(What to produce):
Reproduce every record precisely, leaving no line out.

-- Opening Marker --

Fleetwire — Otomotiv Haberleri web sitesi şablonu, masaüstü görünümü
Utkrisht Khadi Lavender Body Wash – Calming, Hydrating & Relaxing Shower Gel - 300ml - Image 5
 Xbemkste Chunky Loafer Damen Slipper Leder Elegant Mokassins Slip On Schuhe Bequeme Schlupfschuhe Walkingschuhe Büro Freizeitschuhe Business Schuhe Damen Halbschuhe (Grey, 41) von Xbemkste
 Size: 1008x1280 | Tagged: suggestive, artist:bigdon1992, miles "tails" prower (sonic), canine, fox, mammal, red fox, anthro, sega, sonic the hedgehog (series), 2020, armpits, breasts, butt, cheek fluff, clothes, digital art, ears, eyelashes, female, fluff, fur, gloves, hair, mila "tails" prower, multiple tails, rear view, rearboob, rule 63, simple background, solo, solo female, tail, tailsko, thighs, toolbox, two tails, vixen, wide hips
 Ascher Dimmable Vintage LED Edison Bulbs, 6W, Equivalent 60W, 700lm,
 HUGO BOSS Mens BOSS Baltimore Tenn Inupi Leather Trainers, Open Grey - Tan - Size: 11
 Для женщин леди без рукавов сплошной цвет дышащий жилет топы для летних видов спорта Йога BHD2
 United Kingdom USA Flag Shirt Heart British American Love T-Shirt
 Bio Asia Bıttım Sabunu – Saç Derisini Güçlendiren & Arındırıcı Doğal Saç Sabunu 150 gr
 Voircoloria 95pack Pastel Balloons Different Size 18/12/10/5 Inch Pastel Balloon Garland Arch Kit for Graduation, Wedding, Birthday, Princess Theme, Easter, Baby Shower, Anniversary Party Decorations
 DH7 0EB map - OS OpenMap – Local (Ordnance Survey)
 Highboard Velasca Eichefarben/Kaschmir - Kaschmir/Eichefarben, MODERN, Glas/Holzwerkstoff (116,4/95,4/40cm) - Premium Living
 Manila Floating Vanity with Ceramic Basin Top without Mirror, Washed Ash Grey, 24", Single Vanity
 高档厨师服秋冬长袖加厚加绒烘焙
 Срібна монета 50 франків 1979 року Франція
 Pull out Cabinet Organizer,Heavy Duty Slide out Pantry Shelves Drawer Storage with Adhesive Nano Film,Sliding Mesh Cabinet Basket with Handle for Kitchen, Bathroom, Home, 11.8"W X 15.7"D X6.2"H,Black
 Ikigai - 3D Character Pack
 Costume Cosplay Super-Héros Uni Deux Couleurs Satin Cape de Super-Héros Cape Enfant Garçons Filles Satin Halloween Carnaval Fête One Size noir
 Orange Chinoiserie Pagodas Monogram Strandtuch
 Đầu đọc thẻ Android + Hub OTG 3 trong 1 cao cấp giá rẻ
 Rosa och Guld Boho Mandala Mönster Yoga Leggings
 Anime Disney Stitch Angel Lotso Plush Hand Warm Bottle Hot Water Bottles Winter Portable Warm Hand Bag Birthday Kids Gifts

-- Closing Marker --

(Result of this exercise):
Fleetwire — Otomotiv Haberleri web sitesi şablonu, masaüstü görünümü
Utkrisht Khadi Lavender Body Wash – Calming, Hydrating & Relaxing Shower Gel - 300ml - Image 5
 Xbemkste Chunky Loafer Damen Slipper Leder Elegant Mokassins Slip On Schuhe Bequeme Schlupfschuhe Walkingschuhe Büro Freizeitschuhe Business Schuhe Damen Halbschuhe (Grey, 41) von Xbemkste
 Size: 1008x1280 | Tagged: suggestive, artist:bigdon1992, miles "tails" prower (sonic), canine, fox, mammal, red fox, anthro, sega, sonic the hedgehog (series), 2020, armpits, breasts, butt, cheek fluff, clothes, digital art, ears, eyelashes, female, fluff, fur, gloves, hair, mila "tails" prower, multiple tails, rear view, rearboob, rule 63, simple background, solo, solo female, tail, tailsko, thighs, toolbox, two tails, vixen, wide hips
 Ascher Dimmable Vintage LED Edison Bulbs, 6W, Equivalent 60W, 700lm,
 HUGO BOSS Mens BOSS Baltimore Tenn Inupi Leather Trainers, Open Grey - Tan - Size: 11
 Для женщин леди без рукавов сплошной цвет дышащий жилет топы для летних видов спорта Йога BHD2
 United Kingdom USA Flag Shirt Heart British American Love T-Shirt
 Bio Asia Bıttım Sabunu – Saç Derisini Güçlendiren & Arındırıcı Doğal Saç Sabunu 150 gr
 Voircoloria 95pack Pastel Balloons Different Size 18/12/10/5 Inch Pastel Balloon Garland Arch Kit for Graduation, Wedding, Birthday, Princess Theme, Easter, Baby Shower, Anniversary Party Decorations
 DH7 0EB map - OS OpenMap – Local (Ordnance Survey)
 Highboard Velasca Eichefarben/Kaschmir - Kaschmir/Eichefarben, MODERN, Glas/Holzwerkstoff (116,4/95,4/40cm) - Premium Living
 Manila Floating Vanity with Ceramic Basin Top without Mirror, Washed Ash Grey, 24", Single Vanity
 高档厨师服秋冬长袖加厚加绒烘焙
 Срібна монета 50 франків 1979 року Франція
 Pull out Cabinet Organizer,Heavy Duty Slide out Pantry Shelves Drawer Storage with Adhesive Nano Film,Sliding Mesh Cabinet Basket with Handle for Kitchen, Bathroom, Home, 11.8"W X 15.7"D X6.2"H,Black
 Ikigai - 3D Character Pack
 Costume Cosplay Super-Héros Uni Deux Couleurs Satin Cape de Super-Héros Cape Enfant Garçons Filles Satin Halloween Carnaval Fête One Size noir
 Orange Chinoiserie Pagodas Monogram Strandtuch
 Đầu đọc thẻ Android + Hub OTG 3 trong 1 cao cấp giá rẻ
 Rosa och Guld Boho Mandala Mönster Yoga Leggings
 Anime Disney Stitch Angel Lotso Plush Hand Warm Bottle Hot Water Bottles Winter Portable Warm Hand Bag Birthday Kids Gifts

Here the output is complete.